The Biden order established government oversight offices and encouraged model developers to implement safety standards. While the Biden AI executive order rules focus on model developers, its repeal could present some challenges for enterprises to overcome. Some companies, like Trump-ally Elon Musk’s xAI, could benefit from a repeal of the order, while others are expected to face some issues. This could include having to deal with a patchwork of regulations, less open sharing of data sources, less government-funded research and more emphasis on voluntary responsible AI programs.
Patchwork of local rules
Before the EO’s signing, policymakers held several listening tours and hearings with industry leaders to determine how best to regulate technology appropriately. Under the Democratic-controlled Senate, there was a strong possibility AI regulations could move forward, but insiders believe the appetite for federal rules around AI has cooled significantly.
Gaurab Bansal, executive director of Responsible Innovation Labs, said during the ScaleUp: AI conference in New York that the lack of federal oversight of AI could lead states to write their policies.
“There’s a sense that both parties in Congress will not be regulating AI, so it will be states who may run the same playbook as California’s SB 1047,” Bansal said. “Enterprises need standards for consistency, but it’s going to be bad when there’s a patchwork of standards in different areas.”

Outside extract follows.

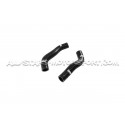 Forge Motorsport dump valves return hoses for Nissan R35 GTR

California state legislators pushed SB 1047 — which would have mandated a “kill switch” to models among other government controls — with the bill landing on Gov. Gavin Newsom’s desk. Newsom’s veto of the bill was celebrated by industry luminaries like Meta’s Yann Le Cunn. Bansal said states are more likely to pass similar bills.
Dean Ball, a research fellow at George Mason University’s Mercatus Center, said companies may have difficulty navigating different regulations.
“Those laws may well create complex compliance regimes and a patchwork of laws for both AI developers and companies hoping to use AI; how a Republican Congress will respond to this potential challenge is unclear,” Ball said.
Voluntary responsible AI
Industry-led responsible AI has always existed. However, the burden on companies to be more proactive in being accountable and fair may heighten because their customers demand a focus on safety. Model developers and enterprise users should spend time implementing responsible AI policies and building standards that meet laws like the European Union’s AI Act.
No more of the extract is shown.